*** DATASET RECORDS Section Begins ***
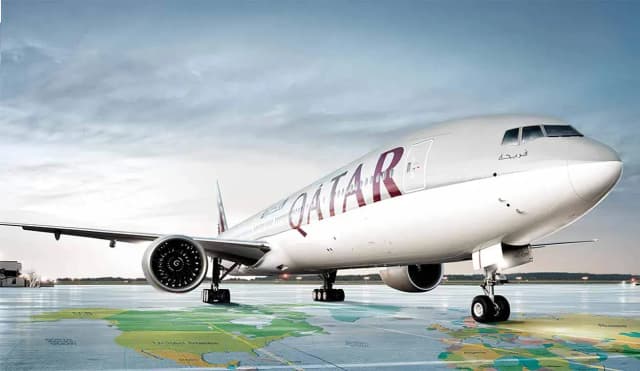 Qatar Airways Airplane-01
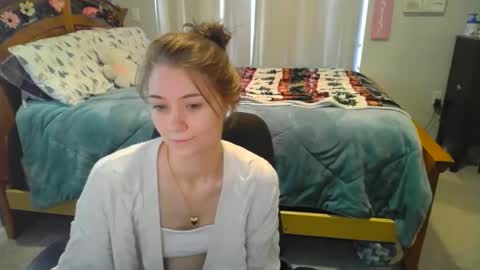 Snapshot of katynowhere chatting on 02/12/25, 07:56 Katy online show from 02/12/25, 07:56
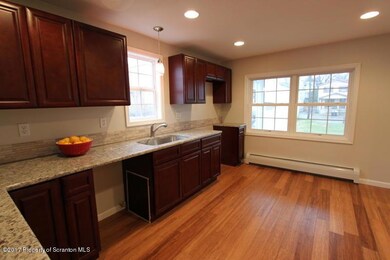 36 Knox St, Hanover Township, PA 18706 - photo 4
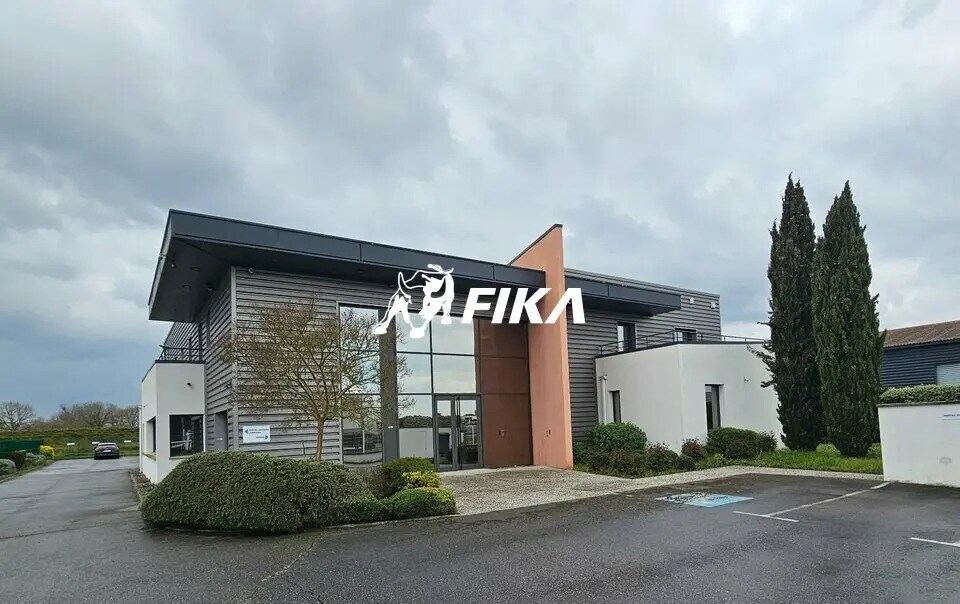 Office in Plaisance-du-Touch for lease Building Photo- Image 1 of 8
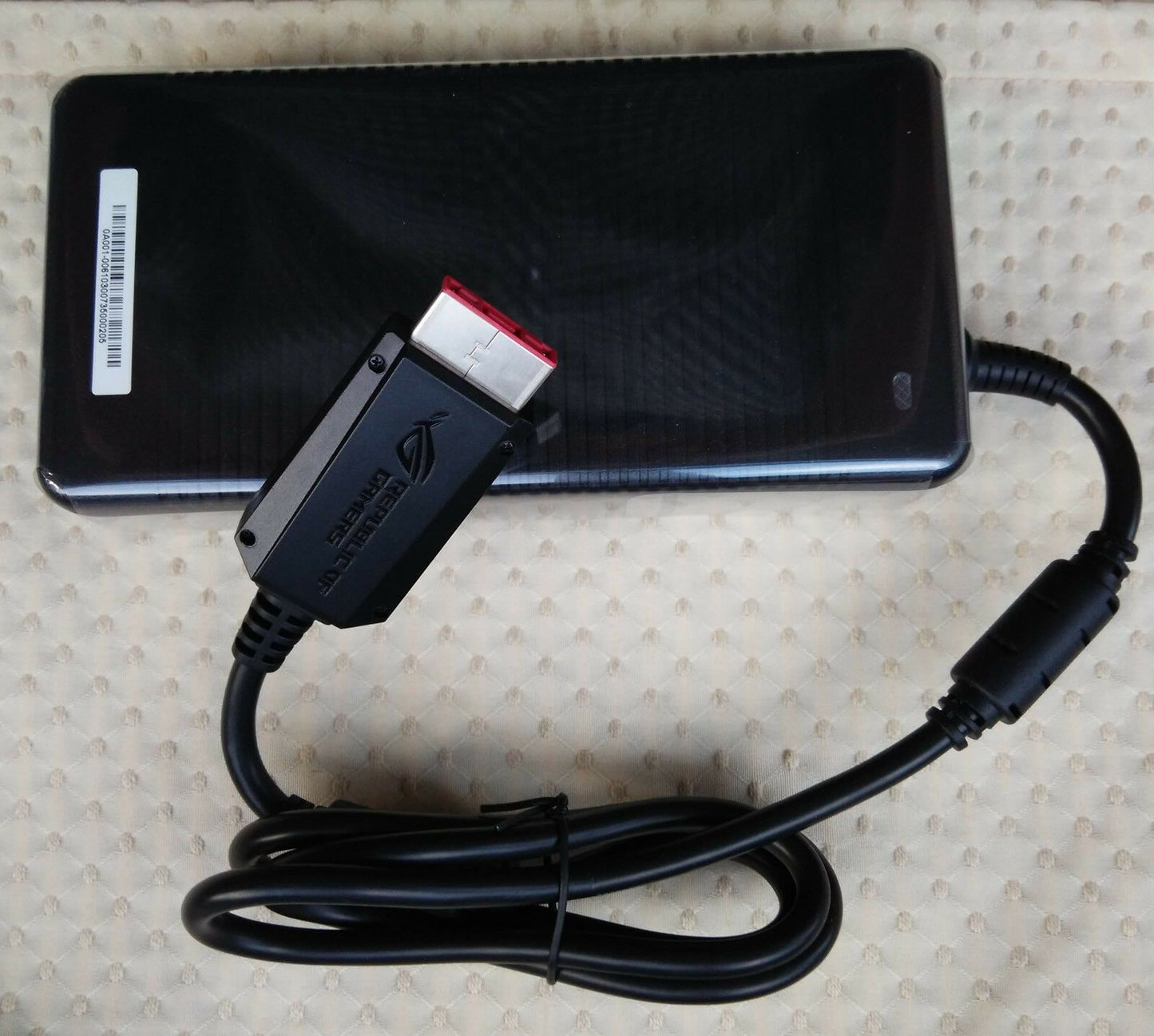 Original OEM Delta ASUS 330W AC/DC Adapter for ASUS ROG G703VI-XH78K,ADP-330AB D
*** DATASET RECORDS Section Ends ***
> **WHAT IS NEEDED**
Leaving the pictures out, set down all of the data again exactly.

> **SOLUTION TO THE EXERCISE**
 Qatar Airways Airplane-01
 Snapshot of katynowhere chatting on 02/12/25, 07:56 Katy online show from 02/12/25, 07:56
 36 Knox St, Hanover Township, PA 18706 - photo 4
 Office in Plaisance-du-Touch for lease Building Photo- Image 1 of 8
 Original OEM Delta ASUS 330W AC/DC Adapter for ASUS ROG G703VI-XH78K,ADP-330AB D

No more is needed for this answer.